Description of Data : These data come from a real-life experiment to see whether people would be more interested in donating to a teacher if the teacher shared their same name. Researchers sent potential donors an e-mail from either a teacher who shared the same name as the donor, or from a teacher who had a different name. The researchers then measured whether donors opened the e-mail, clicked on the link in the e-mail, donated, and the amount that they donated.

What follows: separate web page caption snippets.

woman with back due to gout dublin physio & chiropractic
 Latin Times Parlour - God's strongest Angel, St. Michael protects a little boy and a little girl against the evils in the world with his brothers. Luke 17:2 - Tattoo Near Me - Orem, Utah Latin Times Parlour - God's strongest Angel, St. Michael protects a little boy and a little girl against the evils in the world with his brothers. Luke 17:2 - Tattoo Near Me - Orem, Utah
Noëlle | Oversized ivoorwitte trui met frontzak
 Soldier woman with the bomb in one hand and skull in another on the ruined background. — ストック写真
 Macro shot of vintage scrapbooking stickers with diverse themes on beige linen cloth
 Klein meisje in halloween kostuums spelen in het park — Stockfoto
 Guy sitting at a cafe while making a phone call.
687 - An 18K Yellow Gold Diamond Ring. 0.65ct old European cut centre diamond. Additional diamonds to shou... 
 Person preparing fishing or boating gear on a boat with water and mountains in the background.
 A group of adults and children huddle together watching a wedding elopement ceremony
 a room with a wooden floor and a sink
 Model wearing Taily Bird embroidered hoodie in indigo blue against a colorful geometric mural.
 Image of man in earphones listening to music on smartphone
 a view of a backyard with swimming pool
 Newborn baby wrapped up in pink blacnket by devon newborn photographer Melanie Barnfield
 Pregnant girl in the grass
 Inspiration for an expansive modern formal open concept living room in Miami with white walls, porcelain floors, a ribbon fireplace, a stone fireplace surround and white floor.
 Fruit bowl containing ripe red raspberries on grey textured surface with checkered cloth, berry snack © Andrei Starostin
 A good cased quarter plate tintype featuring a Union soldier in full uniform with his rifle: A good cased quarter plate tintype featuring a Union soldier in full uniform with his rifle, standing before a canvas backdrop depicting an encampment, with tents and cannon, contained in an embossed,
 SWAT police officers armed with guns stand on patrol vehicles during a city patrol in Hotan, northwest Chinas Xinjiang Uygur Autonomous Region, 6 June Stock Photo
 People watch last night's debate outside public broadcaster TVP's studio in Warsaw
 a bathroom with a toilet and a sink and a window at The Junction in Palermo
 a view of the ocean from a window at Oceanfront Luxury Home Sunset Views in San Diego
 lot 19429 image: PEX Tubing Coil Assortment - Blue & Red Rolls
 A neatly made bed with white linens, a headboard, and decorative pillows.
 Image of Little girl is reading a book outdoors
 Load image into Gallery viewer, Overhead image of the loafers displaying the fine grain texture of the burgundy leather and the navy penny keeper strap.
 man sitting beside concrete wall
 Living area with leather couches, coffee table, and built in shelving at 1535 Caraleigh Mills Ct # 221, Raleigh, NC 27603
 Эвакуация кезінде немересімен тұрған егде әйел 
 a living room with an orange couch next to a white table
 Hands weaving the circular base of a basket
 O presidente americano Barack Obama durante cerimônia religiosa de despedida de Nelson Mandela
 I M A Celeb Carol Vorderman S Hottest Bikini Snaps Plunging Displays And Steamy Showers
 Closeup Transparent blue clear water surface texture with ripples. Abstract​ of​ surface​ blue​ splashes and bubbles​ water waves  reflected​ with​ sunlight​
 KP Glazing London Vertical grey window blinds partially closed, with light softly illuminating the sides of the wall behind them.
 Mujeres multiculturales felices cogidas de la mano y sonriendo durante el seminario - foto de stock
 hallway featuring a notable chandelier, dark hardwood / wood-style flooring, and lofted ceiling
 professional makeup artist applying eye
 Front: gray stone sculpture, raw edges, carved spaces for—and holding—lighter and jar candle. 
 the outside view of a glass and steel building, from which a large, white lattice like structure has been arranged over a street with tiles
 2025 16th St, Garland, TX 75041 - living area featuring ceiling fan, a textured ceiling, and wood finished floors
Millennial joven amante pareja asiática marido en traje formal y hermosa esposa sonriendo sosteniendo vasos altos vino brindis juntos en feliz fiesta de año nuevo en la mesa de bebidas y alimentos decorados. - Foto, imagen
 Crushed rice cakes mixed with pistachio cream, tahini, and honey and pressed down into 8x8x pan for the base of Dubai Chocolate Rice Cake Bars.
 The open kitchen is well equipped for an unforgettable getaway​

#### Clarifying Questions (From Student Questions) :

Below is a list of the variables included in this dataset:

• condition (levels = : the variable that describes the condition that donors were in. Donors were randomly assigned to one of two conditions. In the namematch condition, donors were randomly paired with a teacher project led by a teacher whose surname matched the donor. In the nomatch condition, donors were randomly paired with a teacher who did not share their name.
• openedcount : whether the person opened the e-mail (0 = No, 1 = Yes)
• clickedcount : whether the person clicked on a link in the e-mail (0 = No, 1 = Yes)
• diddonate : whether the person donated or not (0 = No, 1 = Yes)
• donatedamount : the amount of money that the person donated (in United States Dollars)
• isFemale : whether the person was predicted to be Female based on their name (No, Yes, NA = not enough information)

Submit your answers and R output in the box next to each question on the pages below by 11:00 AM. Below is an example of what this should look like.

 Example Exam Instruction Your Output (Answers) Goes Here [Example] What is 1+1?

There are 3 Problems (worth 8 points each) and 1 Challenge Problem (worth 1 point) on the next pages. Good luck!!!

#### Problem 1: Load the Data, Describe the Participants, and Graph the Experimental Condition [8 Points]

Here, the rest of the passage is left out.